Your instructions :: The material beneath this line should be printed exactly, with its pictures omitted.

Data section ::
---
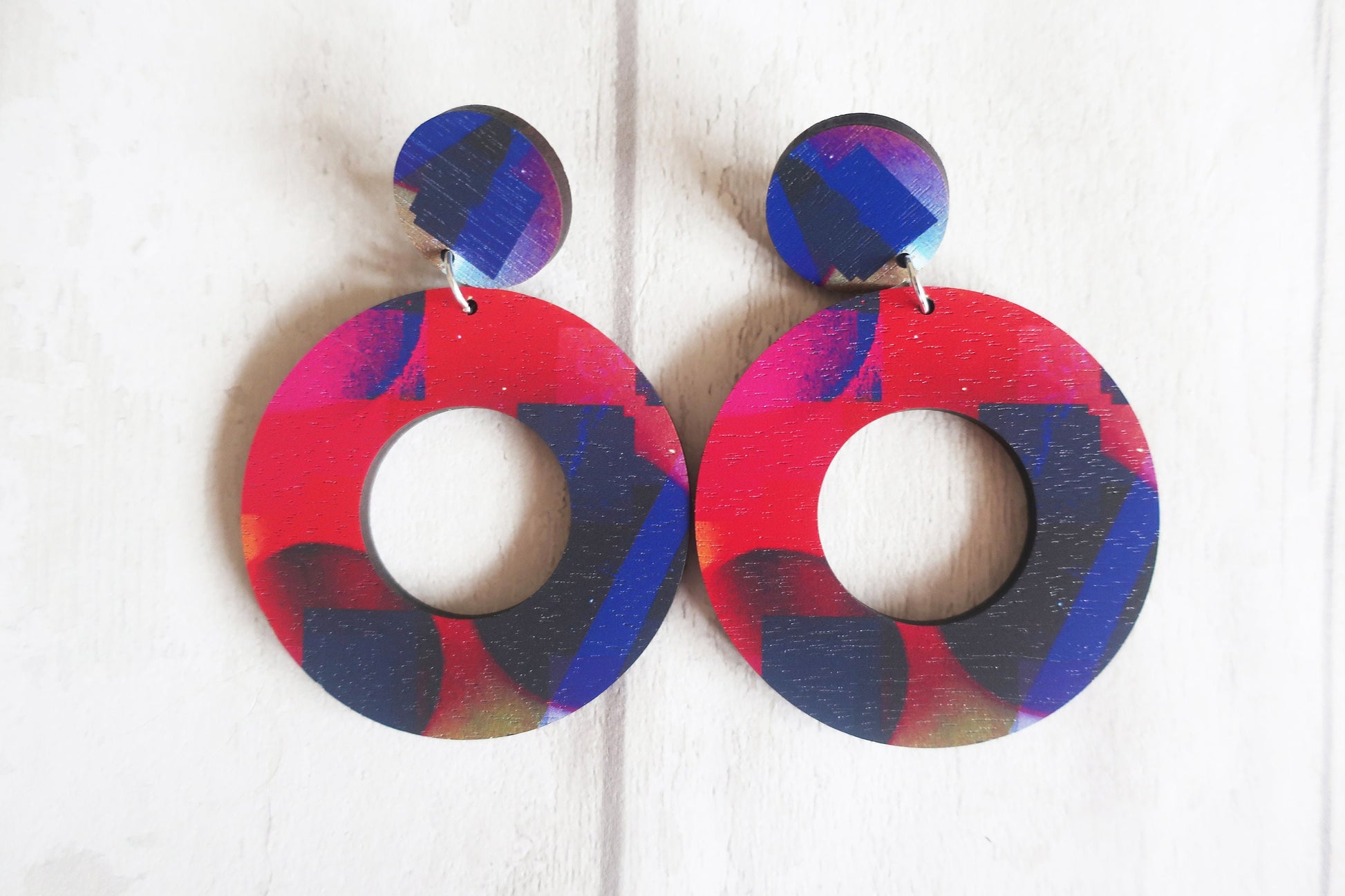 Colorful round earrings on a white background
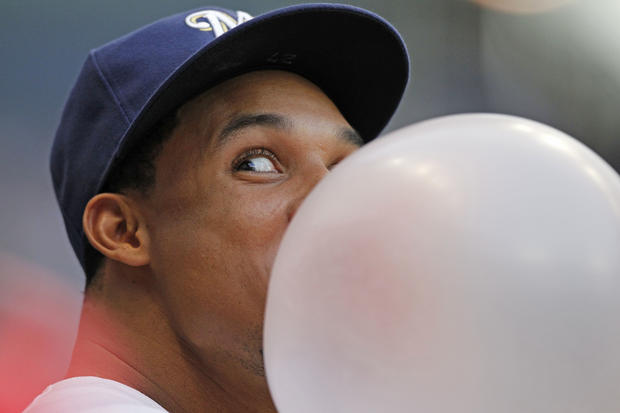 Carlos Gomez blows a bubble  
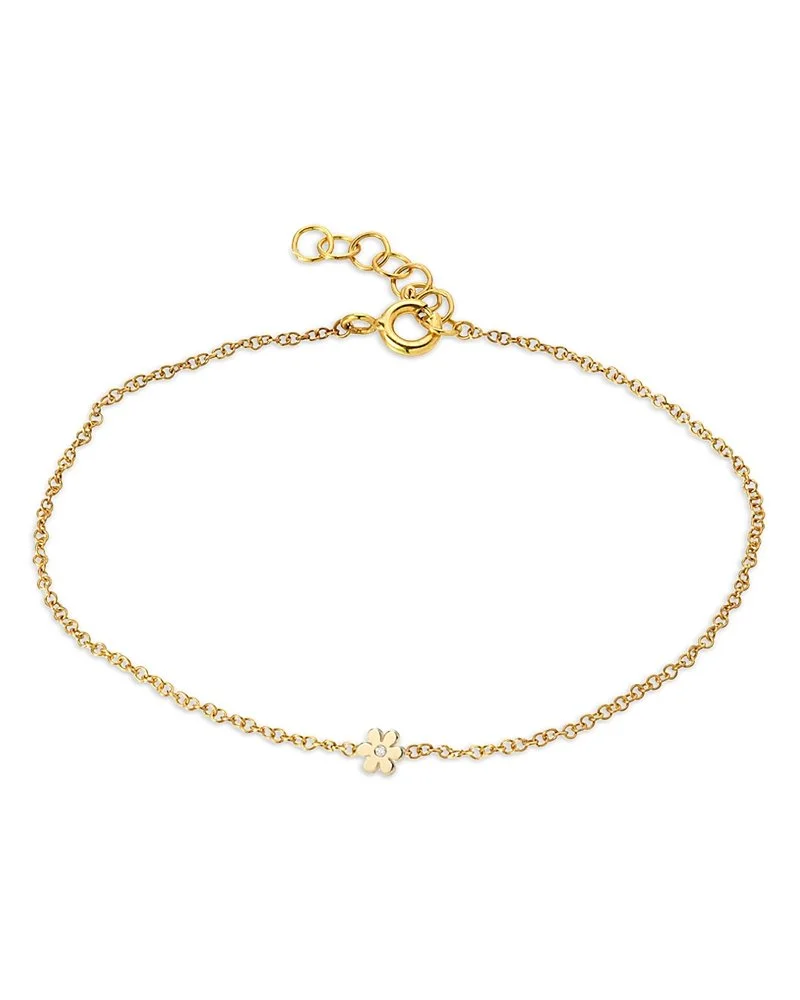 Gold necklace with a small flower charm and adjustable chain clasp.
---
Answer area ::
 Colorful round earrings on a white background
 Carlos Gomez blows a bubble  
 Gold necklace with a small flower charm and adjustable chain clasp.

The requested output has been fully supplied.